HOW TO COMPLETE THIS TASK:
A word-for-word transcription of every record is needed.

Entries taken from a collection

--------------------------------

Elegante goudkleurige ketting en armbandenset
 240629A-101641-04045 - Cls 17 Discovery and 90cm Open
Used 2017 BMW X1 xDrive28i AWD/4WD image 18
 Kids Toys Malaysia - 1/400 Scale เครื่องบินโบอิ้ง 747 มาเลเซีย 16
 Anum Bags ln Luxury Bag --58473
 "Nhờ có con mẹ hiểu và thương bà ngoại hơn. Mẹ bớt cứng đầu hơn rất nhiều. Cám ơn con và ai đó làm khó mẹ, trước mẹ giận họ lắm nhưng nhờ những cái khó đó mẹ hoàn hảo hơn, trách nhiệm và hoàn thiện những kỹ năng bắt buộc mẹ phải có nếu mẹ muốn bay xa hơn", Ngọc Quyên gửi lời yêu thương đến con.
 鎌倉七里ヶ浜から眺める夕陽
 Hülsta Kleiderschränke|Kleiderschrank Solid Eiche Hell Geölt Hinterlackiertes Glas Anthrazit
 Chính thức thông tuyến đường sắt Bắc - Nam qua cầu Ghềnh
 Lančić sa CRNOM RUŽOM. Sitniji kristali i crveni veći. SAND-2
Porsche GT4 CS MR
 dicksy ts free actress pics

--------------------------------

RESULT OF THE TASK:
Elegante goudkleurige ketting en armbandenset
 240629A-101641-04045 - Cls 17 Discovery and 90cm Open
Used 2017 BMW X1 xDrive28i AWD/4WD image 18
 Kids Toys Malaysia - 1/400 Scale เครื่องบินโบอิ้ง 747 มาเลเซีย 16
 Anum Bags ln Luxury Bag --58473
 "Nhờ có con mẹ hiểu và thương bà ngoại hơn. Mẹ bớt cứng đầu hơn rất nhiều. Cám ơn con và ai đó làm khó mẹ, trước mẹ giận họ lắm nhưng nhờ những cái khó đó mẹ hoàn hảo hơn, trách nhiệm và hoàn thiện những kỹ năng bắt buộc mẹ phải có nếu mẹ muốn bay xa hơn", Ngọc Quyên gửi lời yêu thương đến con.
 鎌倉七里ヶ浜から眺める夕陽
 Hülsta Kleiderschränke|Kleiderschrank Solid Eiche Hell Geölt Hinterlackiertes Glas Anthrazit
 Chính thức thông tuyến đường sắt Bắc - Nam qua cầu Ghềnh
 Lančić sa CRNOM RUŽOM. Sitniji kristali i crveni veći. SAND-2
Porsche GT4 CS MR
 dicksy ts free actress pics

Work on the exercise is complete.